South Side Petcoke Storage Spurs Residents’ Outrage
(Source: MidWest Energy News)
Southeast Chicago residents vowed to take their fight to the streets over the increasing piles of petroleum coke being stored in their neighborhood. Saying they’ve been let down by elected officials who last year promised to crack down on companies storing the fuel, residents are planning an April 26 march and a boycott of BP, the source of the “petcoke” being stored along the Calumet River.
An expected City Council vote on an ordinance that would have limited petcoke storage morphed into a tamer proposed ordinance that allows more petcoke storage. Opponents are concerned the new ordinance would be the first step in the eventual approval of a contentious proposal for a synthetic gas plant in the area.
The gas plant plan was tabled last year after Gov.

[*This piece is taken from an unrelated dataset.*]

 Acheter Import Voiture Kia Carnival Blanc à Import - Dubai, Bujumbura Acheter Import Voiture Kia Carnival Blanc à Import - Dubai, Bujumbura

Pat Quinn vetoed legislation that would have committed Chicagoans to pay a fixed rate for synthetic gas from the plant for 30 years, even if market natural gas prices were much lower.
Ameren Brags on Upgrades; Critics Remain Unconvinced
Ameren Illinois’ pride in its transmission and distribution upgrades and resultant reliability improvements are being met with a jaded eye by some customers. The company said the $625 million spent on upgrades have shown a 20% improvement in reliability and savings worth $57 million a year since 2012 for residential and small business owners. Ameren Illinois was forced to make the investments, which included smart meter installations and energy-efficiency programs, under the Illinois Energy Infrastructure Modernization Act of 2011.

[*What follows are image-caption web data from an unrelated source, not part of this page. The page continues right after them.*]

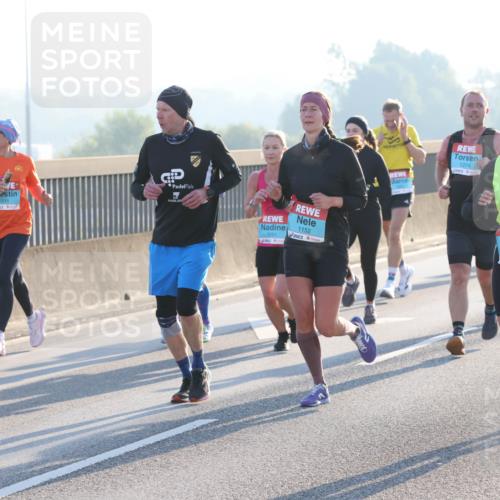 03.10.2025 - Köhlbrandbrückenlauf Lena Gebhardt http://msf.ph/oto/9055729 03.10.2025 09:17:09 Position 1 1211, 1152, 1274, 30, 2024, 3454 meine-sportfotos.de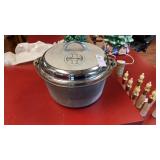 Griswold Cast Iron Tite-Top Dutch Oven No. 8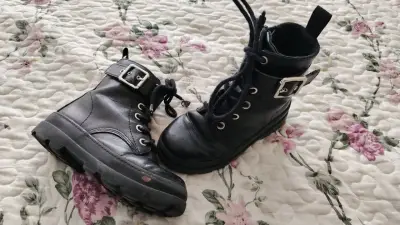 Botas negras niña - miniatura 2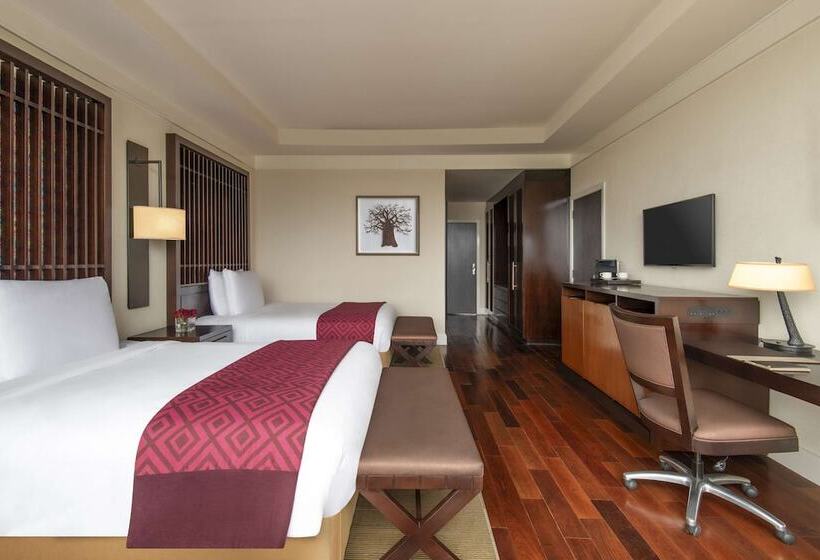 Номер Executive, Kempinski Hotel Gold Coast City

“This is a long-term process, but we have been able to deliver results to customers while keeping their rates reasonable,” said Ron Pate, senior vice president of operations for the utility.

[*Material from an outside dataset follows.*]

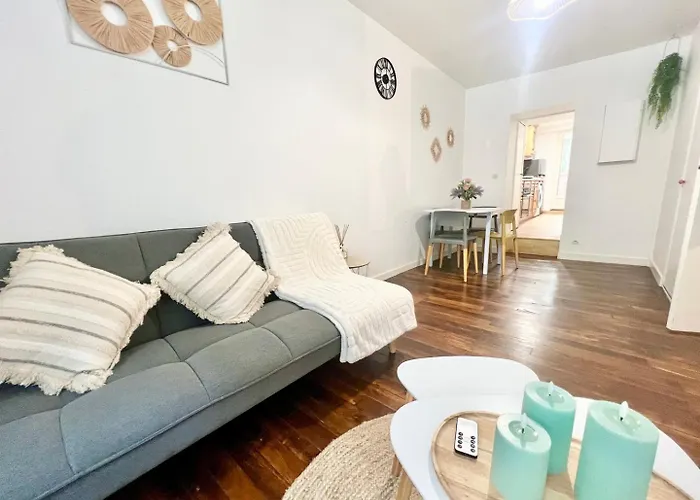 Cocon Au Coeur De Avec Cour - Centre * Poitiers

Critics hope Ameren’s calculations are right but think the company may be jumping the gun. “We haven’t seen the evidence yet, and we think it’s too early to tell,” said David Kolata, executive director of the Citizens Utility Board public watchdog group. “It’s really going to be in the next six months that we’ll really start to get a read on it.”
East Kentucky Power Cooperative plans to shut down all four units at the 196-MW William C. Dale coal-fired power plant in Clark County over the next year, but the company said the two largest units will be held ready for restart if needed. East Kentucky decided that retrofitting the units so they meet 2015 pollution limits would be too expensive. The company said it has often been cheaper to operate other plants or purchase power from the market, particularly since East Kentucky’s 2013 integration into PJM.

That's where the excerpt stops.